Miet­woh­nungs­bau inner­halb eines Jah­res dras­tisch eingebrochen

Woh­nungs­wirt­schaft in Nie­der­sach­sen warnt: Der sozia­le Woh­nungs­bau droht zum Erliegen
zu kom­men / Unter­neh­men kri­ti­sie­ren höhe­re Bau­stan­dards und unkla­re Förderung

Ver­bands­di­rek­to­rin Frau Dr. Schmitt begrüßt das Enga­ge­ment der kwg Hil­des­heim für den sozia­len Woh­nungs­bau und legt den Grund­stein zwei­er neu­er Mehr­fa­mi­li­en­häu­ser in Sar­stedt.  Foto: kwg Hildesheim

von Mar­co Seng

Han­no­ver. Die Woh­nungs­wirt­schaft in Nie­der­sach­sen schlägt Alarm. Der Miet­woh­nungs­bau ist inner­halb eines Jah­res dras­tisch ein­ge­bro­chen, der Bau von neu­en Sozi­al­woh­nun­gen akut gefähr­det. Der Miet­woh­nungs­neu­bau hän­ge am „sei­de­nen Faden“, sag­te Susan­ne Schmitt, Direk­to­rin des Ver­ban­des der Woh­nungs­wirt­schaft (VdW) am Mitt­woch. Nach einer Stu­die des Pest­el-Insti­tuts (Han­no­ver) droht 2023 sogar ein Rekordwohnungsmangel.

Eben­falls am Mitt­woch erklär­te das Deut­sche Insti­tut für Wirt­schafts­for­schung (DIW), der Bau­boom in Deutsch­land sei gestoppt. Im Jahr 2022 sei erst­mals seit vie­len Jah­ren infla­ti­ons­be­rei­nigt das Bau­vo­lu­men gesun­ken, und zwar um 2 Pro­zent. Als Grund dafür nann­te das Insti­tut die Infla­ti­on und Lie­fer­eng­päs­se. Stu­di­en­au­tor Mar­tin Gor­nig for­dert einen Stra­te­gie­wech­sel: Die Bun­des­re­gie­rung müs­se sich stär­ker auf die Nach­ver­dich­tung im Bestand fokus­sie­ren, um bezahl­ba­ren neu­en Wohn­raum gera­de in den Bal­lungs­räu­men zu schaffen.

 

Nur 1290 Wohn­ein­hei­ten geplant

Die Woh­nungs­wirt­schaft in Nie­der­sach­sen sieht die hohen Bau­kos­ten mit ver­ur­sacht durch stei­gen­de Bau­stan­dards, höhe­re Kli­ma­schutz­auf­la­gen, stei­gen­de Zin­sen und eine unkla­re För­der­ku­lis­se. Die Pro­ble­me sei­en nicht neu und der Poli­tik bekannt. „Aber geän­dert hat sich bis­lang nichts“, sag­te Schmitt.

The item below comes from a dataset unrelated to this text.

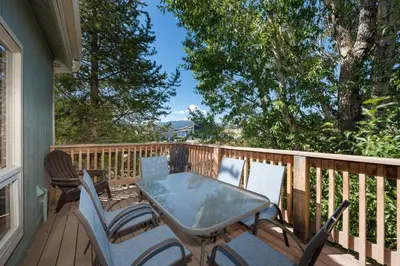 a patio with a table and chairs on a deck at Twin Rivers Vasquez 3 by Stay Winter Park in Fraser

Nach einer aktu­el­len Umfra­ge des VdW bewer­tet ein Groß­teil der Woh­nungs­un­ter­neh­men in Nie­der­sach­sen die aktu­el­le Geschäfts­la­ge als schlech­ter  oder deut­lich schlech­ter als im Vor­jahr. Gera­de noch 23 von 77 Unter­neh­men wol­len dem­nach in die­sem Jahr mit neu­en Pro­jek­ten begin­nen, acht davon haben ihre Neu­bau­plä­ne um 30 bis 50 Pro­zent reduziert.

Die VdW-Mit­glieds­un­ter­neh­men haben laut Umfra­ge im vori­gen Jahr 3412 neue Miet­woh­nun­gen fer­tig­ge­stellt bezie­hungs­wei­se mit ihrem Bau begon­nen. Im lau­fen­den Jahr soll nur noch mit dem Bau von 1290 Wohn­ein­hei­ten begon­nen wer­den „Die­se Ten­denz wird sich unter den jet­zi­gen Rah­men­be­din­gun­gen klar fort­set­zen. Wenn die Poli­tik nicht sofort han­delt, wird der sozia­le Woh­nungs­bau zum Erlie­gen kom­men“, warn­te Schmitt.

 

„Bau-Boos­ter“ gefordert

Die rot-grü­ne Lan­des­re­gie­rung hat in ihrem Koali­ti­ons­ver­trag die Schaf­fung von 100.000 zusätz­li­chen Miet­woh­nun­gen ange­kün­digt, davon 40.000 Sozi­al­woh­nun­gen. Dazu will das Land noch in die­sem Jahr eine gemein­nüt­zi­ge Lan­des­woh­nungs­ge­sell­schaft grün­den. Schmitt hält es für „sehr schwie­rig“, die­ses Ziel zu erreichen.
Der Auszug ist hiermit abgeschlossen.